**Your goal**: Write out all the entries below without any change.

Stored entries:
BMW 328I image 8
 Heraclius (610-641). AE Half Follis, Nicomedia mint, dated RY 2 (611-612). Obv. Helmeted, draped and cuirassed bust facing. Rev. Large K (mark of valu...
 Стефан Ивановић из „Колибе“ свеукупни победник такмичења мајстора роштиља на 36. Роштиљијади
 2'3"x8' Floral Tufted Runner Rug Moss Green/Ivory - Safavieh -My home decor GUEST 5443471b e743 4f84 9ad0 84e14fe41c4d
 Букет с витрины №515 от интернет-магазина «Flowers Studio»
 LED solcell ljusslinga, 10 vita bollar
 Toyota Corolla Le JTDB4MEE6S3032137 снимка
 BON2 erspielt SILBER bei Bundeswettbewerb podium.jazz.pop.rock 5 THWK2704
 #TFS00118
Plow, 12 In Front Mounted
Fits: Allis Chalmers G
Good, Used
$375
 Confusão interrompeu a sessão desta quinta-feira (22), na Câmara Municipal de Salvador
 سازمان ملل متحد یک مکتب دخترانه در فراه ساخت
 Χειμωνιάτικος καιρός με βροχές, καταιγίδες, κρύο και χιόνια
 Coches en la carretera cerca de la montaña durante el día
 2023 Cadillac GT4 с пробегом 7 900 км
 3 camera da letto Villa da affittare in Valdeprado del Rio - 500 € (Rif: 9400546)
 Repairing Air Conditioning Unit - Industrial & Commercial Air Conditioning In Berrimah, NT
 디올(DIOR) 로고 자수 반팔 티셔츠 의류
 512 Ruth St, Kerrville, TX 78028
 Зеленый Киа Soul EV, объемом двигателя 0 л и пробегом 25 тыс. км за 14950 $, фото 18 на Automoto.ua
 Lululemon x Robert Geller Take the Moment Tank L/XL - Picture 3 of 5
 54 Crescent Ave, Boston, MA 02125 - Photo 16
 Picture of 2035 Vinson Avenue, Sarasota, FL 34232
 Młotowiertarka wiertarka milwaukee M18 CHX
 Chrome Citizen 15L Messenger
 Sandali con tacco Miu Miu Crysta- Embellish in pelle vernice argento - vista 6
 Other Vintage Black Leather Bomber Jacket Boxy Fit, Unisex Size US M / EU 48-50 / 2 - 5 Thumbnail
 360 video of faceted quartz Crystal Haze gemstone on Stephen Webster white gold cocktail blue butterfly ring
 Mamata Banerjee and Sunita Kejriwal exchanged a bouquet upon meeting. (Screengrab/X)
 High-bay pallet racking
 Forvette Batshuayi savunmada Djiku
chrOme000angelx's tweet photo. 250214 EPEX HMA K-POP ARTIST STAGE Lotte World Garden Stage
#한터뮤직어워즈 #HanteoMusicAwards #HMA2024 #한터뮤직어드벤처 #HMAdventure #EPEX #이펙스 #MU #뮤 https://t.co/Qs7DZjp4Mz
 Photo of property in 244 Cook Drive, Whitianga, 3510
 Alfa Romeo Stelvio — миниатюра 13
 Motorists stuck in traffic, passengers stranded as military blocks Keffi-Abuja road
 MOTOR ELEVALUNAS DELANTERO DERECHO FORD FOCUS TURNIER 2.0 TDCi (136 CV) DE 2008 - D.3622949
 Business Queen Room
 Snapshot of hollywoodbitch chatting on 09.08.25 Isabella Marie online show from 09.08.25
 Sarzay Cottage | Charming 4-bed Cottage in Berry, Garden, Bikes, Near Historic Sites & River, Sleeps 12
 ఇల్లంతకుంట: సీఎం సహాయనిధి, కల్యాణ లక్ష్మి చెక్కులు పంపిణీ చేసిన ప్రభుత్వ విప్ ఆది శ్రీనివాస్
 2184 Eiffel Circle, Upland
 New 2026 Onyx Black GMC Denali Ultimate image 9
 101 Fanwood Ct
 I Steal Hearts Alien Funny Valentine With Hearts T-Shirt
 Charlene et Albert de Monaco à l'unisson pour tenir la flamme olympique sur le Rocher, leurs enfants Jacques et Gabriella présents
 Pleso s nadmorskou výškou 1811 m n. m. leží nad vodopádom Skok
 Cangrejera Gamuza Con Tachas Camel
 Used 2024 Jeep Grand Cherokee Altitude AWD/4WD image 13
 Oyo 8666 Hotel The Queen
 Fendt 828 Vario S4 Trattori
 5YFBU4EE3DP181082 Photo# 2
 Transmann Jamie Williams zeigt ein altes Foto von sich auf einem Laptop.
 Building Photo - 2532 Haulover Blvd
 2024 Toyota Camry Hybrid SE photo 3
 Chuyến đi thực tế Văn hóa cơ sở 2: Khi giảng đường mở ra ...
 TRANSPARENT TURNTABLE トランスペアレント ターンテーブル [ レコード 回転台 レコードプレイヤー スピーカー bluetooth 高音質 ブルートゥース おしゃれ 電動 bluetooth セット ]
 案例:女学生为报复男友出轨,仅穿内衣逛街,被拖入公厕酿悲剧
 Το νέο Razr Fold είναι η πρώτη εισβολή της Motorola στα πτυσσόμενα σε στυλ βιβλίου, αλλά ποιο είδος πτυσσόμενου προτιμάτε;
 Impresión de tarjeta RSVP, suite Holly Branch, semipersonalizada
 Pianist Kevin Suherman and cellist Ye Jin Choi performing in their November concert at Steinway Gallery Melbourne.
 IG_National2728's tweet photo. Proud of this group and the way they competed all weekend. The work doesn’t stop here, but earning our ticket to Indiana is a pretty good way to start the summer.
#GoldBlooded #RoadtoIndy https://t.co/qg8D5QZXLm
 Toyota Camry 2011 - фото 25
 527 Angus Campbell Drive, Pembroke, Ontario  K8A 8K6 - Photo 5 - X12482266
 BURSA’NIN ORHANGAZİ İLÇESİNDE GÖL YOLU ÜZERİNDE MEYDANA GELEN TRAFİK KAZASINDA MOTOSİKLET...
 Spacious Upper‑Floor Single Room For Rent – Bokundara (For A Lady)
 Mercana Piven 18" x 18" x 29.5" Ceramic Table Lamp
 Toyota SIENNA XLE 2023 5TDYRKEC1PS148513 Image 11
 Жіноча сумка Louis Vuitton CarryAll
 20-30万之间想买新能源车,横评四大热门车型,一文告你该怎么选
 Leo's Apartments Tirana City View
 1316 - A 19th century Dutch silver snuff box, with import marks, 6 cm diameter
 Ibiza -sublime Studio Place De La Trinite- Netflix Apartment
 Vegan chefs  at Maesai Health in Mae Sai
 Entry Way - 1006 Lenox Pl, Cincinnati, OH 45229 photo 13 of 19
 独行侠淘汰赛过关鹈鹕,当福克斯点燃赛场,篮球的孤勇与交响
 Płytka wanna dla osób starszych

**Reply to the task**:
BMW 328I image 8
 Heraclius (610-641). AE Half Follis, Nicomedia mint, dated RY 2 (611-612). Obv. Helmeted, draped and cuirassed bust facing. Rev. Large K (mark of valu...
 Стефан Ивановић из „Колибе“ свеукупни победник такмичења мајстора роштиља на 36. Роштиљијади
 2'3"x8' Floral Tufted Runner Rug Moss Green/Ivory - Safavieh -My home decor GUEST 5443471b e743 4f84 9ad0 84e14fe41c4d
 Букет с витрины №515 от интернет-магазина «Flowers Studio»
 LED solcell ljusslinga, 10 vita bollar
 Toyota Corolla Le JTDB4MEE6S3032137 снимка
 BON2 erspielt SILBER bei Bundeswettbewerb podium.jazz.pop.rock 5 THWK2704
 #TFS00118
Plow, 12 In Front Mounted
Fits: Allis Chalmers G
Good, Used
$375
 Confusão interrompeu a sessão desta quinta-feira (22), na Câmara Municipal de Salvador
 سازمان ملل متحد یک مکتب دخترانه در فراه ساخت
 Χειμωνιάτικος καιρός με βροχές, καταιγίδες, κρύο και χιόνια
 Coches en la carretera cerca de la montaña durante el día
 2023 Cadillac GT4 с пробегом 7 900 км
 3 camera da letto Villa da affittare in Valdeprado del Rio - 500 € (Rif: 9400546)
 Repairing Air Conditioning Unit - Industrial & Commercial Air Conditioning In Berrimah, NT
 디올(DIOR) 로고 자수 반팔 티셔츠 의류
 512 Ruth St, Kerrville, TX 78028
 Зеленый Киа Soul EV, объемом двигателя 0 л и пробегом 25 тыс. км за 14950 $, фото 18 на Automoto.ua
 Lululemon x Robert Geller Take the Moment Tank L/XL - Picture 3 of 5
 54 Crescent Ave, Boston, MA 02125 - Photo 16
 Picture of 2035 Vinson Avenue, Sarasota, FL 34232
 Młotowiertarka wiertarka milwaukee M18 CHX
 Chrome Citizen 15L Messenger
 Sandali con tacco Miu Miu Crysta- Embellish in pelle vernice argento - vista 6
 Other Vintage Black Leather Bomber Jacket Boxy Fit, Unisex Size US M / EU 48-50 / 2 - 5 Thumbnail
 360 video of faceted quartz Crystal Haze gemstone on Stephen Webster white gold cocktail blue butterfly ring
 Mamata Banerjee and Sunita Kejriwal exchanged a bouquet upon meeting. (Screengrab/X)
 High-bay pallet racking
 Forvette Batshuayi savunmada Djiku
chrOme000angelx's tweet photo. 250214 EPEX HMA K-POP ARTIST STAGE Lotte World Garden Stage
#한터뮤직어워즈 #HanteoMusicAwards #HMA2024 #한터뮤직어드벤처 #HMAdventure #EPEX #이펙스 #MU #뮤 https://t.co/Qs7DZjp4Mz
 Photo of property in 244 Cook Drive, Whitianga, 3510
 Alfa Romeo Stelvio — миниатюра 13
 Motorists stuck in traffic, passengers stranded as military blocks Keffi-Abuja road
 MOTOR ELEVALUNAS DELANTERO DERECHO FORD FOCUS TURNIER 2.0 TDCi (136 CV) DE 2008 - D.3622949
 Business Queen Room
 Snapshot of hollywoodbitch chatting on 09.08.25 Isabella Marie online show from 09.08.25
 Sarzay Cottage | Charming 4-bed Cottage in Berry, Garden, Bikes, Near Historic Sites & River, Sleeps 12
 ఇల్లంతకుంట: సీఎం సహాయనిధి, కల్యాణ లక్ష్మి చెక్కులు పంపిణీ చేసిన ప్రభుత్వ విప్ ఆది శ్రీనివాస్
 2184 Eiffel Circle, Upland
 New 2026 Onyx Black GMC Denali Ultimate image 9
 101 Fanwood Ct
 I Steal Hearts Alien Funny Valentine With Hearts T-Shirt
 Charlene et Albert de Monaco à l'unisson pour tenir la flamme olympique sur le Rocher, leurs enfants Jacques et Gabriella présents
 Pleso s nadmorskou výškou 1811 m n. m. leží nad vodopádom Skok
 Cangrejera Gamuza Con Tachas Camel
 Used 2024 Jeep Grand Cherokee Altitude AWD/4WD image 13
 Oyo 8666 Hotel The Queen
 Fendt 828 Vario S4 Trattori
 5YFBU4EE3DP181082 Photo# 2
 Transmann Jamie Williams zeigt ein altes Foto von sich auf einem Laptop.
 Building Photo - 2532 Haulover Blvd
 2024 Toyota Camry Hybrid SE photo 3
 Chuyến đi thực tế Văn hóa cơ sở 2: Khi giảng đường mở ra ...
 TRANSPARENT TURNTABLE トランスペアレント ターンテーブル [ レコード 回転台 レコードプレイヤー スピーカー bluetooth 高音質 ブルートゥース おしゃれ 電動 bluetooth セット ]
 案例:女学生为报复男友出轨,仅穿内衣逛街,被拖入公厕酿悲剧
 Το νέο Razr Fold είναι η πρώτη εισβολή της Motorola στα πτυσσόμενα σε στυλ βιβλίου, αλλά ποιο είδος πτυσσόμενου προτιμάτε;
 Impresión de tarjeta RSVP, suite Holly Branch, semipersonalizada
 Pianist Kevin Suherman and cellist Ye Jin Choi performing in their November concert at Steinway Gallery Melbourne.
 IG_National2728's tweet photo. Proud of this group and the way they competed all weekend. The work doesn’t stop here, but earning our ticket to Indiana is a pretty good way to start the summer.
#GoldBlooded #RoadtoIndy https://t.co/qg8D5QZXLm
 Toyota Camry 2011 - фото 25
 527 Angus Campbell Drive, Pembroke, Ontario  K8A 8K6 - Photo 5 - X12482266
 BURSA’NIN ORHANGAZİ İLÇESİNDE GÖL YOLU ÜZERİNDE MEYDANA GELEN TRAFİK KAZASINDA MOTOSİKLET...
 Spacious Upper‑Floor Single Room For Rent – Bokundara (For A Lady)
 Mercana Piven 18" x 18" x 29.5" Ceramic Table Lamp
 Toyota SIENNA XLE 2023 5TDYRKEC1PS148513 Image 11
 Жіноча сумка Louis Vuitton CarryAll
 20-30万之间想买新能源车,横评四大热门车型,一文告你该怎么选
 Leo's Apartments Tirana City View
 1316 - A 19th century Dutch silver snuff box, with import marks, 6 cm diameter
 Ibiza -sublime Studio Place De La Trinite- Netflix Apartment
 Vegan chefs  at Maesai Health in Mae Sai
 Entry Way - 1006 Lenox Pl, Cincinnati, OH 45229 photo 13 of 19
 独行侠淘汰赛过关鹈鹕,当福克斯点燃赛场,篮球的孤勇与交响
 Płytka wanna dla osób starszych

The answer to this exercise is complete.